Noch ein paar kleine Elektroschocks?

Am Sonntag könnten die Rechtsextremen um Le Pen von der Vielzahl republikanischer Kandidaten profitieren. Kommen sie in den zweiten Wahlgang, müssten sich Konservative und Sozialdemokraten auf einen Kandidaten einigen, um Siege der Rechten zu verhindern

PARIS taz ■ „Bloß keine Journalisten“ lautete eines der Leitmotive des Parlamentswahlkampfes. Die Kandidaten wollten allein auf dem „Terrain“ sein und maximale „Bürgernähe“ zeigen. Abgesehen von den Rechtsextremen. Deren Star Marine Le Pen (33), Kandidatin in der einstigen Bergbaugegend im Grenzgebiet zu Belgien, und Chefjuristin der Partei ihres Vaters, dem sie wie aus dem Gesicht geschnitten ähnelt, verteilte ihre Handzettel in Begleitung von bis zu einem Dutzend Journalisten.

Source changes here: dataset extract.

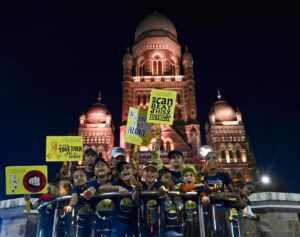 Cancer-affected children holding candles take part in an awareness campaign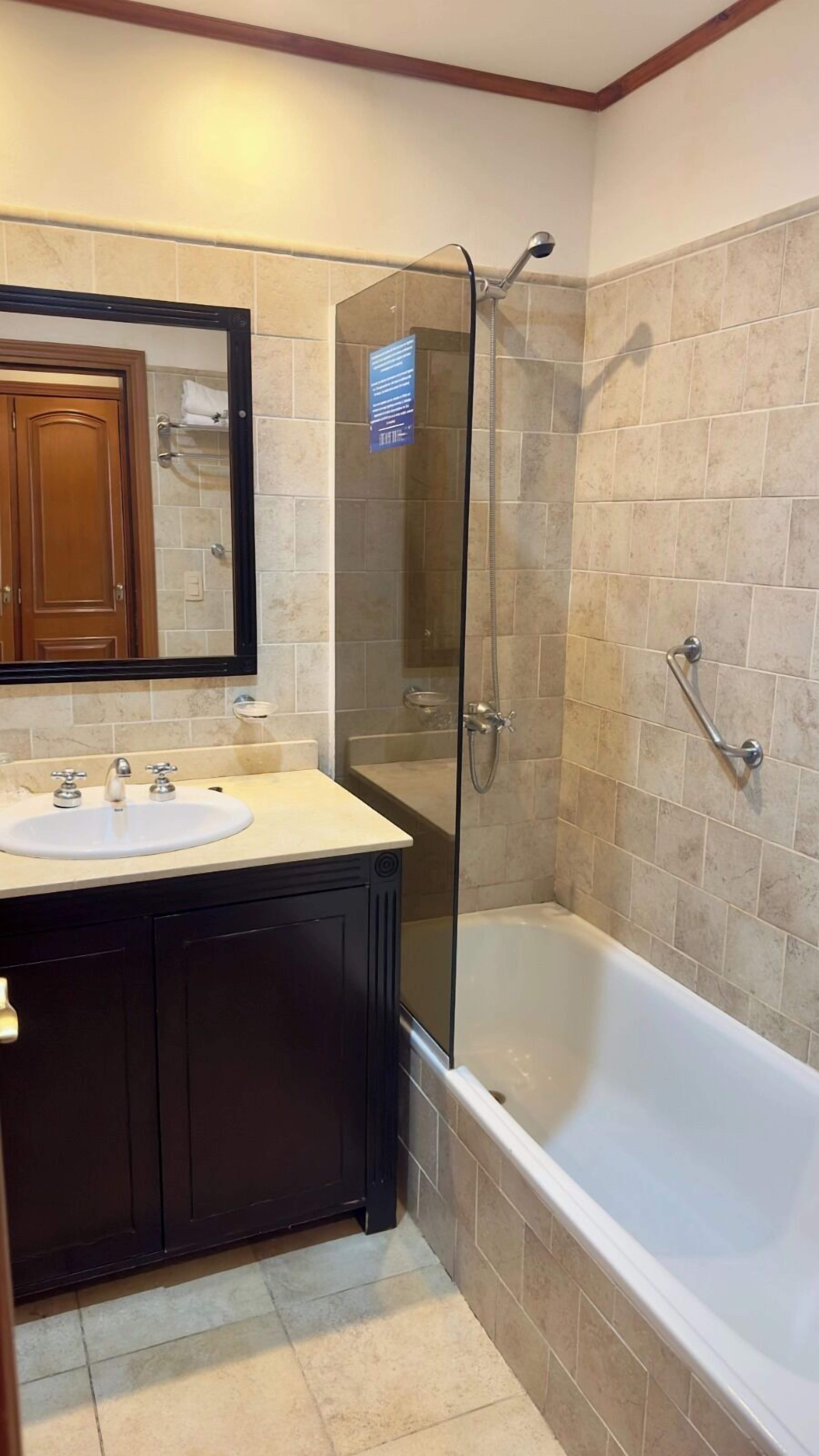 double room, lake view | bathroom | bathtub, deep-soaking bathtub, rainfall showerhead, free toiletries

Seit dem „Elektroschock“ der Präsidentschaftswahl steht „La France d’en bas“ hoch im Kurs. Jenes „Frankreich von unten“, das die Technokraten in Pariser jahrelang ausblendeten und das sich mit einem rechtsextremen Votum Gehör verschafft hat. Als Musterknabe für „La France d’en bas“ gilt der neue Premierminister Jean-Pierre Raffarin. Bei einem Sieg der Konservativen soll der 53-Jährige im Amt bleiben. Ihn qualifiziert, dass er aus der Provinz kommt und keine Eliteschule besuchte.

Der Regel der neuen Bescheidenheit folgten auch die Stars der sozialdemokratischen PS. Doch an anderen alten Gewohnheiten, wie dem Einfliegen prominenter Kandidaten, hielt die Partei fest. So schickte sie Ex-Erziehungsminister Jack Lang, der bei den Kommunalwahlen im vergangenen Jahr in seiner Stadt Blois südwestlich von Paris abgewählt worden war, als Kandidat zu den Parlamentswahlen in das am Ärmelkanal gelegene Boulogne-sur-Mer.

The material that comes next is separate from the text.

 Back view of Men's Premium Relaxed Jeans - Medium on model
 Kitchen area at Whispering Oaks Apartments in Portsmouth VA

Geblieben ist auch die schwer überschaubare Flut von Kandidaten. Mehr als 8.000 Menschen bewerben sich um die 577 Sitze. Viele spekulieren auf die Tantiemen, die sie gemäß der Zahl ihrer Wählerstimmen aus der Staatskasse erhalten werden. Andere wollen ihre politischen Karrieren keiner Parteidisziplin unterordnen. Unter Letzteren sind einerseits Konservative, die von Chiracs neuer Einheitspartei UMP enttäuscht sind und im Alleingang oder im Zusammenspiel mit der rechtsliberalen UDF gegen UMP-Kandidaten antreten. Andererseits sind es Sozialdemokraten, die sich von der Kandidatenauswahl der Parteizentrale überrumpelt fühlen.

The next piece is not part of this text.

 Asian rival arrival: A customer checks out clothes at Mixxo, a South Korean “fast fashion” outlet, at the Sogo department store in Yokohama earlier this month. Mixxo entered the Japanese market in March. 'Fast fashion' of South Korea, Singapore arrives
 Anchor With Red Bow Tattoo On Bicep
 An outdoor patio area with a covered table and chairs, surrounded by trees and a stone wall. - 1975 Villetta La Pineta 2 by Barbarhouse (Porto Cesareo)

Diese Vielzahl von Kandidaturen rechts und links erleichtert das Spiel der Front national. Sie hat für jeden festlandfranzösischen Wahlkreis einen Kandidaten aufgestellt. Auch wenn diese vielerorts mit der zweiten rechtsextremen Formation, MNR, konkurrieren, hoffen sie, in den zweiten Wahldurchgang zu kommen. Le Pen will, dass seine Partei künftig die Rolle der Mehrheitsbeschafferin spielt.

Vieles für Frankreichs Zukunft hängt davon ab, wie sich die Republikaner in den kommenden Tagen gegenüber den rechtsextremen Kandidaten verhalten werden. Bislang gab es in Frankreich keine Zusammenarbeit zwischen Konservativen und extremen Rechten auf nationaler Ebene. Chirac möchte, dass das so bleibt und droht bei Verstößen mit Parteiausschluss. Bisher war es auch üblich, dass sich bei Dreieckskonstellationen – drei Kandidaten im zweiten Wahlgang – die Linken und Konservativen einigten, den schwächsten ihrer Kandidaten zurückzuziehen, um einen rechtsextremen Sieg zu verhindern.